The interpretation which was accepted by the majority in the Atiabari Tea Co case is correct, but subject to this clarification. Regulatory measures or measures imposing compensatory taxes for the use of trading facilities do not come within the purview of the restrictions contemplated by Art. 301 and such measures need not comply with the requirements of the proviso to Art. 304(b) of the Constitution (The Automobile Transport (Rajasthan) Ltd v The State of Rajasthan and Others (1963) (India)).
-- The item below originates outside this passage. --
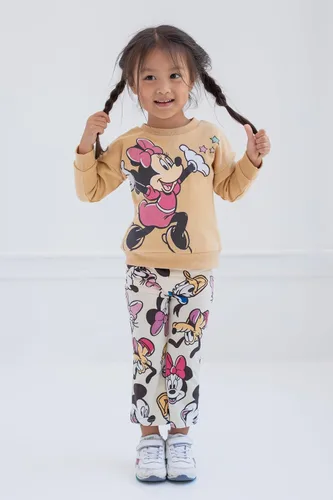 Miniatura 4 de Disney Minnie Mouse - Conjunto de sudadera de forro polar y leggings acampanados, tallas para bebés y niños grandes (18 meses - 10-12)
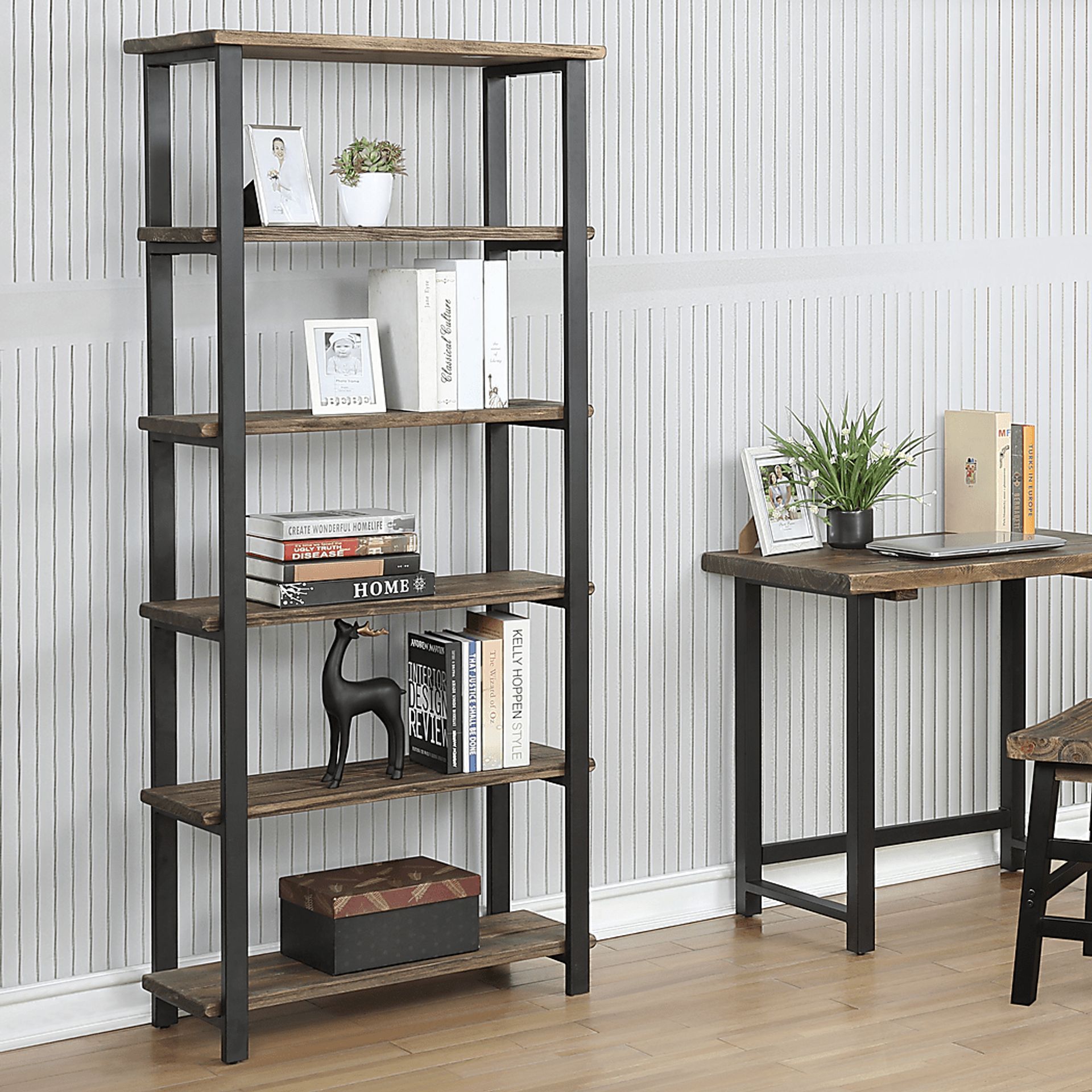 Kenarra I Brown 5-Shelf Bookcase - Image 2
18. Restrictions obstruct the freedom; regulations facilitate it. This test of invalidity is neither clear in meaning nor certain in operation because it relies on the HCA’s interpretation of Section 92 of the Australian Constitution in Bank of New South Wales v Commonwealth (Bank Nationalization) (1948) (Austl), which Cole v Whitfield declared wrong. In the Bank Nationalization case, the HCA held that only a law that directly and immediately restricts an activity of interstate trade and commerce can breach Section 92 of the Australian Constitution. The Supreme Court of India would give clarity of meaning and certainty of operation to Art. 301 of the Constitution of India if it were to apply the Cole v Whitfield test of invalidity for Section 92 of the Australian Constitution. On the application of that test, a law breaches Section 92 only if it imposes a restriction on interstate trade and commerce and that restriction is discriminatory in a protectionist sense. Ideally, the Supreme Court would perfect this interpretation into the development of a non-discrimination norm as the ECJ does for Art. 34 of the TFEU. Such an interpretation would better support the political unit that India comprises:
When for the first time in the history of India the entire territory within the geographical boundaries of India, minus what became Pakistan, was knit into one political unit, it was necessary to abolish all those trade barriers and custom posts in the interest of national solidarity, economic and cultural unity as also of freedom of trade, commerce and intercourse (Atiabari Tea Co Ltd v The State of Assam and Others para. 823).
E. European Union
20. The EU is an economic union but not a sovereign state (European (Economic) Community; European Union, Historical Evolution). It is not a federation, in other words. As such, the EU is the paradigm supranational market jurisdiction, the political and economic union of 28 European states. The TFEU is the economic constitution of the EU. The aim of the EU, as the Preamble to the TFEU states, is ‘to lay the foundations of an ever closer union among the peoples of Europe … by thus pooling their resources to preserve and strengthen peace and liberty’. Further to that aim, the objective of the EU is the integration of the economies of the Member States into an internal—single—market, about which Art. 26(2) of the TFEU states:
The internal market shall comprise an area without internal frontiers in which the free movement of goods, persons, services and capital is ensured in accordance with the provisions of the Treaties.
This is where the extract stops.